III. Health and Safety
- Works in a manner that promotes safety; wears clothing appropriate to the performance of the job.
- Participates in OSHA required training.
- Follows universal precautions as appropriate for position; complies with Employee Health requirements for continued employment.
- Reports unsafe practices to management.
- Knows own role in case of an emergency.
POSITION QUALIFICATIONS:
Education and Training: Bachelor’s Degree
Experience: 3 plus years of experience in a credentialing role as a Provider or in a Managed Care Organization Credentialing Position or with a Certified Verification Organization
Knowledge, Skills, and Abilities:
- Understanding of Quality and Performance documents required during credentialing process including accreditation and certification materials
- Knowledge of requirements and in-house programs to perform Delegated Credentialing and experience with Certified Verification Organizations
- Some knowledge of Post Acute Care services and Care Settings
- Basic knowledge of Health Plan Lines of Business and coverages including Managed Medicaid/Medicare Advantage/Commercial Health Insurance/Workers Compensation/Affordable Care Act Exchange
- Willingness to work remotely in a home based arrangement
- Experience with working with “The Council for Affordable Quality Healthcare, Inc (CAQH)”.

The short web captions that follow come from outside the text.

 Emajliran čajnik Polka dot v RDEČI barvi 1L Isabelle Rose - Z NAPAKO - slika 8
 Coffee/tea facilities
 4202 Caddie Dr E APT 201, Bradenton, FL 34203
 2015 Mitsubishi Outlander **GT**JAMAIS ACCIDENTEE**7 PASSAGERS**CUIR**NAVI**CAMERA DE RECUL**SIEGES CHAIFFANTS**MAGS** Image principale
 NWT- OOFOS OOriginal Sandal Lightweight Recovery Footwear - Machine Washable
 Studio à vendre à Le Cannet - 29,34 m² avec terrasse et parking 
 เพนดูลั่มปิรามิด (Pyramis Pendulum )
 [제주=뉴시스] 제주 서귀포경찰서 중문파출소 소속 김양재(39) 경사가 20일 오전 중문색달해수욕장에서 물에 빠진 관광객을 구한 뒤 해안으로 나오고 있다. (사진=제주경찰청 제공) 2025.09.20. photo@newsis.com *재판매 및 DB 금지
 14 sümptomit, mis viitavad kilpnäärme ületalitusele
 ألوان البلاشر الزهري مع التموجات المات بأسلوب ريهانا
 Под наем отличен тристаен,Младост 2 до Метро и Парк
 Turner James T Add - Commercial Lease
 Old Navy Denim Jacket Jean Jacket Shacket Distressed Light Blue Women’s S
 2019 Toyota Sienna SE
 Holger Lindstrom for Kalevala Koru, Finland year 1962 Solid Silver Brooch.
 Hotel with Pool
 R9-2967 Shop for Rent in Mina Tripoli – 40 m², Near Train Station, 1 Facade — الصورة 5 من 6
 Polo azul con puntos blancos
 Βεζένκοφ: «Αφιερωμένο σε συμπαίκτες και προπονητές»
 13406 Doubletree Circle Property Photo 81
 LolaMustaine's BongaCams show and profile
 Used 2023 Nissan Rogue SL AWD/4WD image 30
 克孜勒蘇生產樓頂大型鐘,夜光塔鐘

PHYSICAL DEMANDS: See attached Job Activity Requirements
WORKING CONDITIONS: Working generally indoors in well-lighted, well-ventilated areas. Working conditions as in hospital surroundings. The position will be working from home and need to work regular business hours of 8am to 5pm est.
ORGANIZATIONAL DATA: This is an exempt position, supervised by the SVP of Managed Care.
The above statements are intended to describe the general nature and level of the work being performed. They are not intended to be construed as an exhaustive list of all responsibilities, duties, and skill required of personnel so classified.